Coder Social home page Coder Social logo

pkrumins / xgoogle Goto Github PK

View Code? Open in Web Editor NEW
218.0 31.0 102.0 218 KB

Python library to Google services (google search, google sets, google translate, sponsored links)

Home Page: http://www.catonmat.net/blog/python-library-for-google-search/

Python 100.00%

xgoogle's Introduction

This is a Google library called 'xgoogle'. Current version is 1.3.

It's written by Peteris Krumins ([email protected]).
His blog is at http://www.catonmat.net  --  good coders code, great reuse.

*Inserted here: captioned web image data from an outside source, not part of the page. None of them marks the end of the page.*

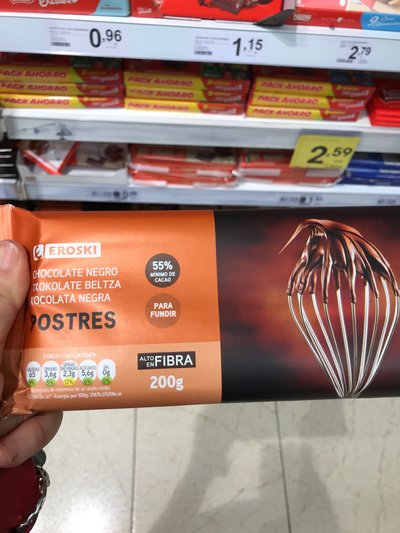 Chocolate negro 55% para fundir Chocolate negro 55% para fundir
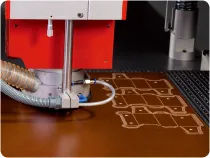 日本製図器工業が販売するELCEDEでのミーリング加工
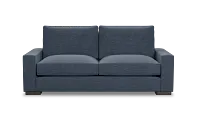 Edgewater Elevation Dark Blue 84" Sofa W/ 2 Cushions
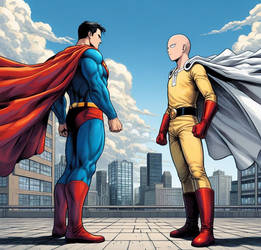 Superman meet Saitama,ville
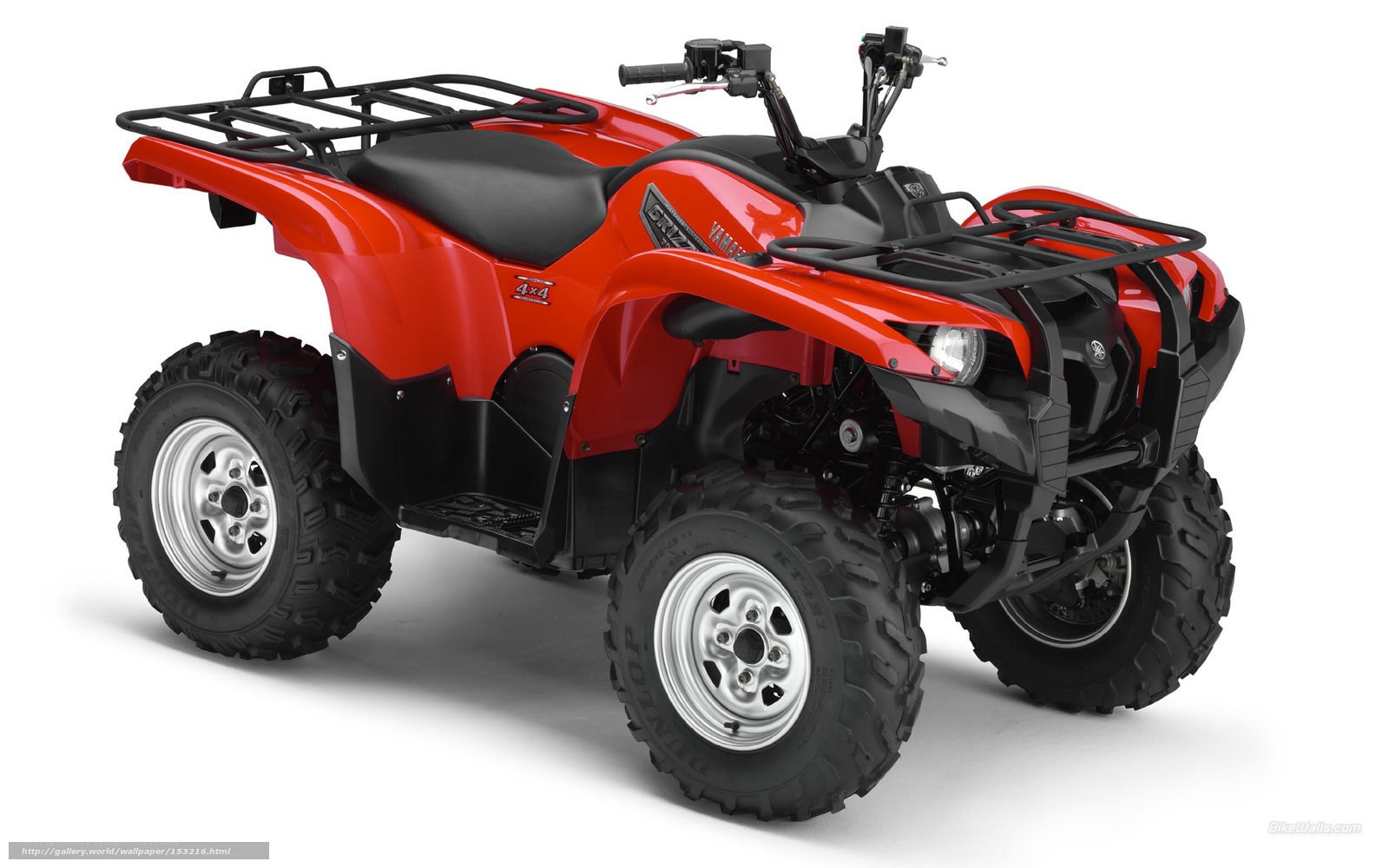 Red Yamaha Grizzly ATV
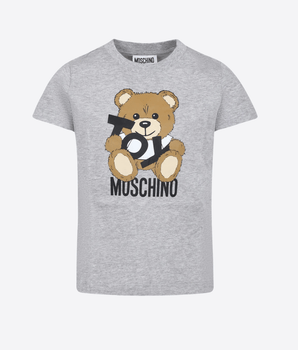 MOSCHINO Abbigliamento e accessori GRIGIO / 4A T-shirt Teddy Bear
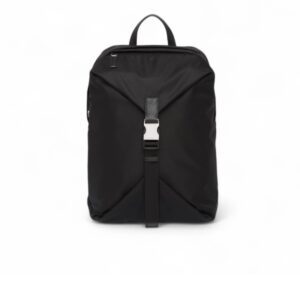 Prada Re-Nylon And Leather Backpack Black For Men 11.4in/29cm 2VZ028_2DMG_F0002_V_OOO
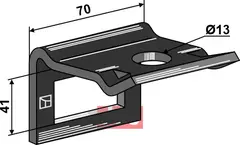 Holder til tand 45 x 12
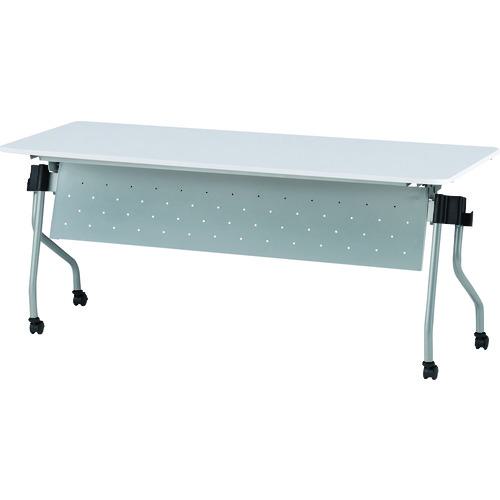 ■TOKIO 天板跳上式並行スタック会議テーブル(パネル付) 1500&times;450mm 天板色:ホワイト〔品番:NTAN1545PW〕【4919653:0】[法人・事業所限定][直送元][店頭受取不可]｜ホームセンターバロー　店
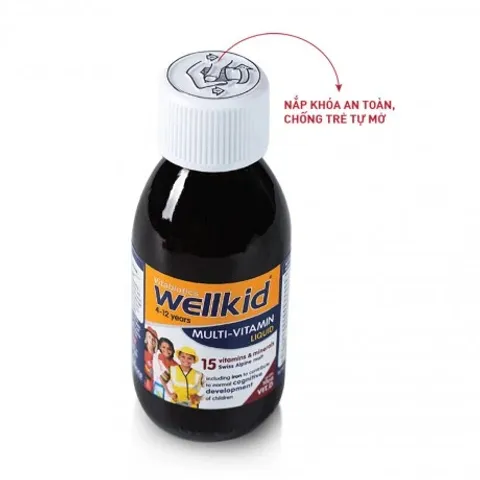 Siro Wellkid Multivitamin Liquid 150ml - Vitamin tổng hợp cho trẻ từ 4-12 tuổi, tăng cường sức đề kháng và phát triển toàn diện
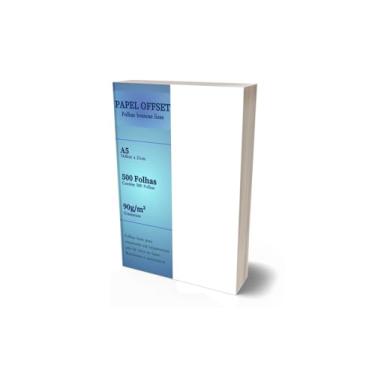 Imagem de Papel Offset A5 Branco 500 Folhas Sulfite 90g
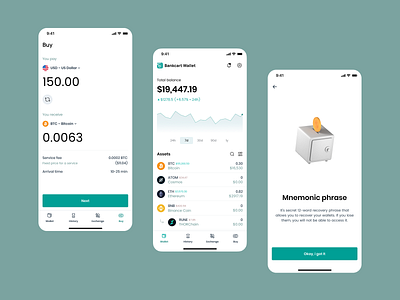 Cryptocurrency Wallet App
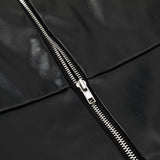 LEATHER STRAPLESS MIDI DRESS IN BLACK styleofcb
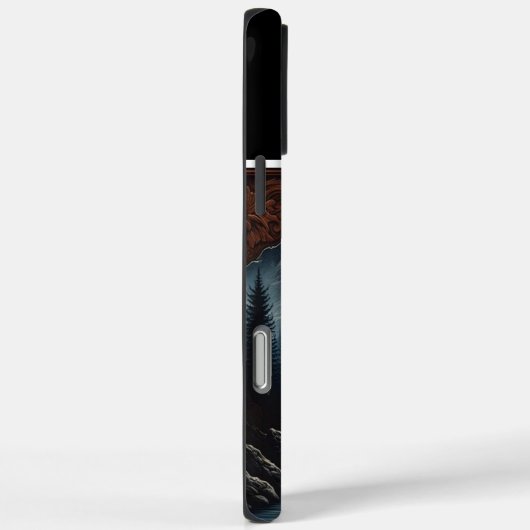 Wolfs Mondlicht-Howl Case-Mate iPhone Hülle (Rückseite / Rechts)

The code is licensed under MIT license.

--------------------------------------------------------------------------

At the moment it contains:
 * Google Search module xgoogle/search.py.
   http://www.catonmat.net/blog/python-library-for-google-search/

 * Google Sponsored Links Search module xgoogle/sponsoredlinks.py
   http://www.catonmat.net/blog/python-library-for-google-sponsored-links-search/

 * Google Sets module xgoogle/googlesets.py
   http://www.catonmat.net/blog/python-library-for-google-sets/

 * Google Translate module xgoogle/translate.py
   http://www.catonmat.net/blog/python-library-for-google-translate/

--------------------------------------------------------------------------

Here is an example usage of Google Search module:

    >>> from xgoogle.search import GoogleSearch
    >>> gs = GoogleSearch("catonmat")
    >>> gs.results_per_page = 25
    >>> results = gs.get_results()
    >>> for res in results:
    ...   print res.title.encode('utf8')
    ... 

    output:

    good coders code, great reuse
    MIT's Introduction to Algorithms, Lectures 1 and 2: Analysis of ...
    catonmat - Google Code
    ...

The GoogleSearch object has several public methods and properties:

    method get_results() - gets a page of results, returning a list of SearchResult objects.
    property num_results - returns number of search results found.
    property results_per_page - sets/gets the number of results to get per page.
    property page - sets/gets the search page.

A SearchResult object has three attributes -- "title", "desc", and "url".
They are Unicode strings, so do a proper encoding before outputting them.

--------------------------------------------------------------------------

Here is an example usage of Google Sponsored Links Search module:

    >>> from xgoogle.sponsoredlinks import SponsoredLinks, SLError
    >>> sl = SponsoredLinks("video software")
    >>> sl.results_per_page = 100
    >>> results = sl.get_results()
    >>> for result in results:
    ...   print result.title.encode('utf8')
    ...

    output:

    Photoshop Video Software
    Video Poker Software
    DVD/Video Rental Software
    ...

The SponsoredLinks object has several public methods and properties:

    method get_results() - gets a page of results, returning a list of SearchResult objects.
    property num_results - returns number of search results found.
    property results_per_page - sets/gets the number of results to get per page.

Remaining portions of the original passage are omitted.